「名前は?」

「鹿島純です」

にっこりと微笑んで、彼は何もないクソださい理科室の中を歩き始めた。

「パソコンは、1台なんですか?」

「1台だからって、なにか文句でもあんのかよ」

コイツ、俺たちをバカにしてんのか。

「弱小部だから、予算がなくて」

俺の発言に、慌てて山崎が答えた。

俺は精一杯の引きつった笑顔を浮かべる。

失言だったことは分かっているけど、こんな頭良さそうなイケメン新入生、うちのような日陰のマイナー部になんて、どうせ入りやしない。

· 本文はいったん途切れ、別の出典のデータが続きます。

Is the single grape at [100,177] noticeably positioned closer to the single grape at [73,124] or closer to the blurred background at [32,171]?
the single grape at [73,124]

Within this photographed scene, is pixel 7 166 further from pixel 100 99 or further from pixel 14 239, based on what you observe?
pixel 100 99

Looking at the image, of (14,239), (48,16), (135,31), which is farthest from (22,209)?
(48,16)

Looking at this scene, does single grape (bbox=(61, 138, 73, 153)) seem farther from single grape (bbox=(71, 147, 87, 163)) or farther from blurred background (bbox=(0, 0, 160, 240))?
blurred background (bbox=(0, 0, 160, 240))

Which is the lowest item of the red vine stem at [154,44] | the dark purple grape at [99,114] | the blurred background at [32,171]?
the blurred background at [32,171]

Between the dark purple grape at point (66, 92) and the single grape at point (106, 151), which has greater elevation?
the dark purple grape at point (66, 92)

「情報処理のコンピューター室にいけば、もっとたくさんのパソコンが使えるんじゃないんですか?」

「あぁ、だけど、学校のパソコンはスペック低いから」

とっさにそう答えたものの、学校で使っているパソコンの機種なんて、全く記憶にない。

「学校のはネットに繋がってないから、意味ないんだよ。スクールネットにはもちろん繋がってるけど、先生たちに見られちゃう可能性はあるから。基本俺のポケットワイファイを使って、ここのはつなげてるんだ。パッド用のやつ」

山崎は、自分のポケットから小さなルーターを取りだして見せた。

「なるほど」

にっこりと笑う鹿島の態度が、イケメンかつお上品すぎて、余計に腹が立つ。

「冷やかしなら、帰れよ」

どうせバカにしてんだろ、さっさと帰れよ。

こんなくだらない部活なんて、どうでもいいと思ってるような奴に、つき合っているヒマなんかない。

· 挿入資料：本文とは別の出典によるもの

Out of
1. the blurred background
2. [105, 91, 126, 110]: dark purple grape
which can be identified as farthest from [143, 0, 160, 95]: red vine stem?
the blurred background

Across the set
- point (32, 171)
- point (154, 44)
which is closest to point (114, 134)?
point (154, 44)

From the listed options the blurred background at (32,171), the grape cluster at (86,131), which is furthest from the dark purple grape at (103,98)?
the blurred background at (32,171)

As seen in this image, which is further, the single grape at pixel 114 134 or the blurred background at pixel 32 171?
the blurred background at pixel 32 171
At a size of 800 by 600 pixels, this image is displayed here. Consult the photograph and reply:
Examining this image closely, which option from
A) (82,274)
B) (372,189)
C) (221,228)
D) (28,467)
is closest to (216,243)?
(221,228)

俺がにらむと、彼は真っ赤な顔になって、おずおずと入部届けを取りだした。

「入部、する、つもりはあります」

小さく折りたたまれたそれには、きっちりとした丁寧な文字で、必要事項が全部書き込まれていた。

山崎が受け取る。

「うおっ、マジで? やったな」

俺は即座にそれを奪い取った。

「今はまだ仮入部の期間だから、その間にどうするのか、よく考えてから決めてほしいね」

変に期待させておいて、やっぱりやめましただけは、ゴメンこうむりたい。

「はい。あの、あのロケット、かっこよかったです」

ややうつむき加減のまま、まだ顔の赤い鹿島は、そうつぶやいた。

制服の袖から伸びた白く形の整った手を、ぎゅっと握りしめる。

「失礼しました」

それでも彼は、大人しく教室から出て行った。

扉がきっちりと閉まるのを見届けてから、俺はようやく息を吐き出す。

「やっと帰ってくれたな」

これで一安心。

あいつはもう二度と、ここへは来ないだろう。